In a 53-point demand in 1999, the union sought an enhanced pay regime for its members. It demanded that the least paid university teacher should earn a basic salary of 724,000 Naira (around 7,240 U.S. dollars) annually. The highest paid lecturer, it said, should take home a basic salary of 2,903,312 Naira (around 29,000 U.S. dollars) annually.
The union also demanded an allocation of 10 U.S cents per barrel of crude oil sold per day, to the universities under a fund to be called “petroleum fund”. It also demanded that a string of property in Lagos and Abuja, the capital of Nigeria, be allocated to universities to enhance self-sustenance.
To ease their financial woes, the World Bank offered a one-billion-dollar loan to Nigeria, which the union claim would amount to the commercialisation and weakening of Nigeria’s education system.
Worried by the spate of strikes by the lecturers, the National Assembly late 2000 directed the Industrial Arbitration Panel to wade into the university crisis. At the sitting of the panel in April 2001, the union officials failed to appear.
Thomas Kangnaan, president of the National Council of Concerned Nigerian Parents (NCCNP), that was formed to protect and defend the interest of parents and their children, says parents are concerned about the uncertain future of their children.
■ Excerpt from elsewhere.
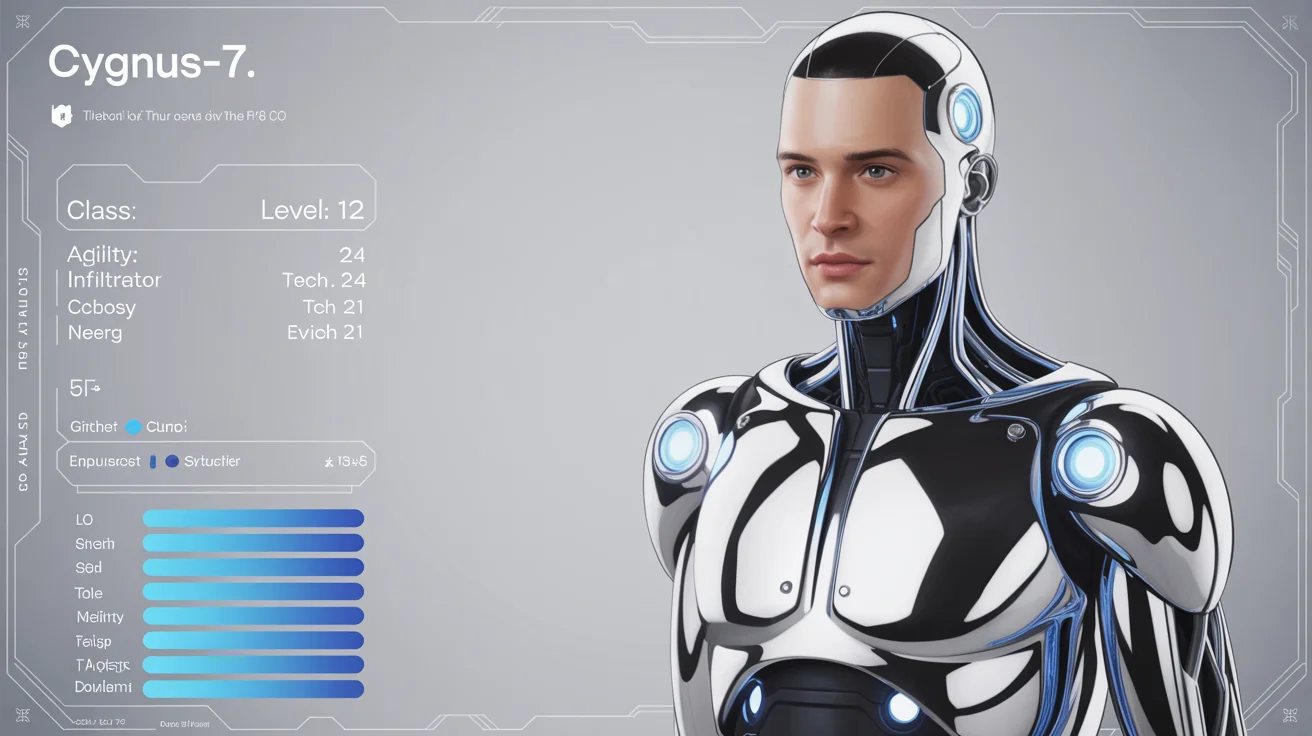 A finished digital character sheet for a sci-fi role-playing game, featuring an illustration of a cyborg and sections for stats and abilities, all in a polished, futuristic design.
“The instability is caused by incessant strikes by various unions, pursuing selfish agenda. The situation has forced children of the elite to seek better education in neighbouring countries. It has also resulted in increases in the cost of educating students due to incessant closures, proliferation of satellite campuses and attendant lowering of education standard,” he says.
Government says it has released over 28.4 billion Naira (2.8 billion U.S. dollars) for recurrent expenditures and 5.85 billion (about 585 million U.S. dollars) for rehabilitation of facilities and the purchase of equipment within 2001.
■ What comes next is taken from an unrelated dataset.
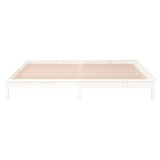 LED Bed Frame without Mattress White 200x200 cm Solid Wood 820627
“This is unprecedented in the history of Nigeria. Despite the releases, what the government is getting in return for these efforts is a system that is made unstable by incessant strikes by staff unions. This is most unfortunate and sadly unpatriotic,” says Babalola Borishade, Minister of Education.
An allocation of about 18 billion Naira (180 million U.S. dollars) or six percent of the total budgetary allocation in 2001 was made to education, making it the fifth largest after the allocation to Power and Steel, Works and Housing, Water Resources and the Federal Capital Territory.
Parents have condemned the latest strike action and the confrontational attitude of lecturers in demanding justice for the sacked lecturers.
“They are now well paid and paid timely. Why must they start bringing in the issue of re-instating the sacked lecturers at Ilorin? After all, we hear that some of those sacked by the government are already on pensions. How can someone who is on pension be asking to be re-instated? He can only apply as a contract staff,” says Funke Alonge, a 40-year-old mother.
Alonge, whose first son graduated last year as a mechanical engineer, after seven years instead of five due to strikes by the lecturers, told IPS: “It is left for the university authority to employ pensioners or not. You can not compel government to employ people on contract, as there are so many unemployed qualified people all over the place”.
“I think the ASUU have taken their luck too far in their actions. They hardly do their work as they are always on strike, yet they demand all sorts of things. Government should deal with them once and for all if we are to have peace in tertiary institutions,” she said.